Well, most people I know aren't as fricking analytical as I am (this is good, as there's not enough room for too many of us in one place). I know they make assumptions about my intent as much as I used to do as well.
Example: I've been told countless times in the past 25 years that I ignore people. Yep, that's an assumption, and an erroneous one at that. Mr. Wonderful actually accused me of deliberately tuning him out, as did my D12 last week.
Fortunately for me, she was a lot more willing to listen to my viewpoint and to understand me--though we both made a promise to work on this together.
I grew up in a VERY chaotic family, in a residence that was approximately 1200 sq ft for 5 of us. We were noisy and disrespectful, and my parents had (no, still have) a hankering for bickering. In order to keep my grades up, I learned to tune everything and everyone out. I got to college and it took me 2 years to figure out that I couldn't make straight A's while studying in the library--so I came back to my dorm and settled in with the drinking folk who were screaming and singing. THEN I made straight A's.
Fast forward 25 years. D12 tells me on a walk that she absolutely HATES the fact that I don't pay attention to her. Rather than get defensive (which was my immediate inclination since I've heard this before), I asked her to give me an example. She provided one earlier in the evening, where she told me a story and I wasn't even acknowledging her.
I said, "Ahhhh. Are you even sure you had my attention?"
She thought for a second and said, "I was talking to you!"
I said, "Were you 100% sure you had my attention? Or was I doing something else and you just came in my space and started talking?"
She said, "Oh. Yes, that's what happened! But there was no music or TV, nobody was talking and you weren't on the phone. How could you not have heard me?"
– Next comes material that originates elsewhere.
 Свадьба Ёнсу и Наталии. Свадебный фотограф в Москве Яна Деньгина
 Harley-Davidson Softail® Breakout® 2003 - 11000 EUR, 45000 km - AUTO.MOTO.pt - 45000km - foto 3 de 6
I told her my background and said that the BEST way to make sure I'm listening is to say, "Mom, I need to talk to you about something." If I don't answer, I'm somewhere else. Come tap me and make sure you get me to respond.
I also told her that I had this problem with her dad... and that his patent answer in MC was "I shouldn't have to go to that extent to make sure you're paying attention to me." While I agree that I could have worked on this, he didn't give me the chance to do that. Instead of giving me a chance, he'd walk off and tell himself that I was pissed off at him and ignoring him. I'll let you know how I fare.
Translating to you, do you see how her fear based reaction was something based on assumptions (that I was deliberately ignoring her) rather than communicating with me? It was because of what I was doing (or not doing) that led her to believe something that wasn't true.
It's up to both of us to change the dynamic.
Betsey
"There are only 2 ways to live your life. One is as though nothing is a miracle. The other is as though everything is a miracle."